Which Came First: The Game or The Aggression, A Short Look At Violence in Gaming

Author: Josh

This originally appear in Josh’s blog in October 2014.

Update from Josh:
If I recall, this was a bit of a tirade rant when I wrote it.
My opinion has changed slightly since I wrote this 4 years ago. I actually do believe that video games, television, and the news all play a part in the mental psyche of children. Especially as we watch in horror as the number of school attacks rises among our youth. That being said, I still hold true that it is each individual parent’s responsibility to monitor what their children play, and to teach them the difference between a video game and real life, and in some cases, have the foresight to just say no to a violent video game that your child wants. They may scream and throw a tantrum, but it’s a parent’s job to protect their children first, not be the best friend all the time. Trust me, when your children grow up, they will thank you for caring.
What came first the chicken or the egg?  Philosophical question for the ages which people have debated for years.  What came first, over aggression of youths in schools or violent video games?  Also another philosophical question, but does the later really matter?  What truly matters is finding a solution/preventing kids from acting overly aggressive.

Original Article:

First Person Shooters (FPS) have been around for a while.  Perhaps one of the most famous FPS games, Doom, was labeled a controversial title for its extreme use of violence.  So much so that shortly after Columbine Doom was thrown under the bus as the game that prompted the individuals to be so violent.  Well how does that explain the other millions of players?  If the video game is what prompted the violence, why isn’t there an army of angry teenagers all hell bent on world wide destruction?  The game is not the soul reason for the murderous rampage.  Even today, gamers of all ages continue to play FPS games such as Destiny and Call of Duty are just as violent, if not more so, than Doom ever was, and yet not every kid that plays it turns into a murderous psychopath.

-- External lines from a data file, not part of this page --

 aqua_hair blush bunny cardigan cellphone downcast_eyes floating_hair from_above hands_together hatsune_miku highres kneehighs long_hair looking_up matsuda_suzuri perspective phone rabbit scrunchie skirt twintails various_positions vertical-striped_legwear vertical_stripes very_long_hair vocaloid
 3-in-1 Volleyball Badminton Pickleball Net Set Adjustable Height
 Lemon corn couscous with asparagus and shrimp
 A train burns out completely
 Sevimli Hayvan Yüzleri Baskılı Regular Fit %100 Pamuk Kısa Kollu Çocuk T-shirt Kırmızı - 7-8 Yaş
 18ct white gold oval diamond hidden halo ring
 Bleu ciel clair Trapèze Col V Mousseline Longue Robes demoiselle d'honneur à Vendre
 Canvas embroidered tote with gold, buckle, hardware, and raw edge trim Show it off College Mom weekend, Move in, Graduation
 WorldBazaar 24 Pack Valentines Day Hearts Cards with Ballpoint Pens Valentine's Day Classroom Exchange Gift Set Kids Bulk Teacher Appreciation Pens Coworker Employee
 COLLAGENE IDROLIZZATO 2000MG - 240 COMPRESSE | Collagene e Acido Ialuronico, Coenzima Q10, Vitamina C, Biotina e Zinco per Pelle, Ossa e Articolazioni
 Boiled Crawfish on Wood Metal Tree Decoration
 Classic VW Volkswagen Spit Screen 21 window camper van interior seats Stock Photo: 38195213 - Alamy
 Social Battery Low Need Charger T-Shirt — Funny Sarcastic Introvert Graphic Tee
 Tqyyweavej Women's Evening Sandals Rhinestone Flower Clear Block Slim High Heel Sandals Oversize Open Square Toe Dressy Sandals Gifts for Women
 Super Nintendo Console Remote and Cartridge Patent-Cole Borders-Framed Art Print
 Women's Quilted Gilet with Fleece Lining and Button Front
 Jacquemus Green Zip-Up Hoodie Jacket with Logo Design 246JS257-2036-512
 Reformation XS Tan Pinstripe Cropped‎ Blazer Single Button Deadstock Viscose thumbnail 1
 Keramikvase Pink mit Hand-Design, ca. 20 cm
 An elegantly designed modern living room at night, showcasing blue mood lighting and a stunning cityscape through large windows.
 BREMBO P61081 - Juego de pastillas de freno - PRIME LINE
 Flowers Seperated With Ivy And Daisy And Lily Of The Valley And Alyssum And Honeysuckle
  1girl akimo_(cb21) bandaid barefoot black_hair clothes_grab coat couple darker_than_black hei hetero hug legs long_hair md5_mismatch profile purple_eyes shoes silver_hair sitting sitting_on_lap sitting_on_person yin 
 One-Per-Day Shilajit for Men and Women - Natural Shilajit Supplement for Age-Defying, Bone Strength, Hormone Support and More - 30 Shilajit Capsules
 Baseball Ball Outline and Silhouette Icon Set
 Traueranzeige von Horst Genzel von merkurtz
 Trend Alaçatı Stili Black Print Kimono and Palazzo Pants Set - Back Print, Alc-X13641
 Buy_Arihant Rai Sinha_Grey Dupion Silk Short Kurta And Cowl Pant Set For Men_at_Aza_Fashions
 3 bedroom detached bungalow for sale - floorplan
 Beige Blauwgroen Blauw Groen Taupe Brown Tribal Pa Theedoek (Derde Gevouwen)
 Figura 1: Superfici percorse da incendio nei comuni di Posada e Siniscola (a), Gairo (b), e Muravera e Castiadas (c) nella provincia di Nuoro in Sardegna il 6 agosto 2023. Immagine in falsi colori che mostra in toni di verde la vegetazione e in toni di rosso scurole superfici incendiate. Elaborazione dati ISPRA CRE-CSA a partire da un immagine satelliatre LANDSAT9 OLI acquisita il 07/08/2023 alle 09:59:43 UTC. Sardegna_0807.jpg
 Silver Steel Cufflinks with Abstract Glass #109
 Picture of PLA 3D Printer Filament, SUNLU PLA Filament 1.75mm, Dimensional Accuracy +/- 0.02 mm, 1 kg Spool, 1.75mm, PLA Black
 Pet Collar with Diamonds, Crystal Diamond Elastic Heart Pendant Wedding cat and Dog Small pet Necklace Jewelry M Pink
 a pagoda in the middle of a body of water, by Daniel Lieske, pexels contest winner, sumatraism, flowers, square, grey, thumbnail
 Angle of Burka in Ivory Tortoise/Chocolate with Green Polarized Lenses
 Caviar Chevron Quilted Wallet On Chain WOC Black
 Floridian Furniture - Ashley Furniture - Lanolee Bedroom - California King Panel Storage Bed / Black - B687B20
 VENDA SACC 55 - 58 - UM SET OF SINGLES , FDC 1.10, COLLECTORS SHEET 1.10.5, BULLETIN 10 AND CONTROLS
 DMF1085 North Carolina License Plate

What about fighting games?  Those are violent too after all.  Street Fighter and Dead or Alive both feature martial arts in a violent form.  Millions more play these games along with first person shooters, and yet they are not violent.  Kids are constantly exposed to violence from ever facet of media, not just games.

Look at movies.  How often are kids watching violent movies?  What about the news?  We all know that violence sells in the news, and as such the news premiers violence over all.  Books portray violence too; just read ‘Silence of the Lambs’ (the book is better than the movie…which is hard I know).  My point is that all day long individuals are exposed to violence, and not all of them become murderous.

So where do we draw the line?  Why are games blamed for the violence?  Because people need something to blame, and why not blame an easy target like a video game.  A person could easily say that heavy exposure to violence can morph a child’s mind, and stereo-typically, video games are a child’s toy in most of the political officer’s minds (despite the fact that the average gaming age is 35).  While it is possible for children to be influenced by what they watch, it is also equally true that a parent’s responsibility is to monitor what their children are watching, and also to explain to them the difference between fantasy and reality.

The video game does not have a conscience, or a mind of it’s own.  Much like a gun, it is simply an object that does not function without outside input.  This means it is imperative to not let ourselves become lazy when raising our children and to say no when they want a game we don’t feel would fit them.  We can’t always be our children’s friends, sometimes we need to put our feet down and be the parent.  Just as if you would instruct a child of the dangers a gun possesses and to never play with them, a parent has a duty to spend time with their children and coach them through their early life about what is right, what is wrong, what is real, and what stays in a video game.

Only when parents realize that without them, their children will grow up lost can we begin to see the problem.  Individual parents know what is best for their own children.  You watch them play, and you know if they are mature enough to handle adult topics as they grow.  If you place a child in front of a TV screen and expect an object to raise your child, you will not be raising a child.  You will merely be exposing a person who isn’t quite sure of their place in the world to uncontrolled influences of the media which, for all intents and purposes, has a primary function to entertain and raise money, not your children.  If we truly want to put a curb in violence, parents need to start being parents again.  Spend time with your children, turn off the TV once in a while and go outside and play with them.  Games will always be there on a rainy day, but that time you spend with them could be the best thing that ever happens to them.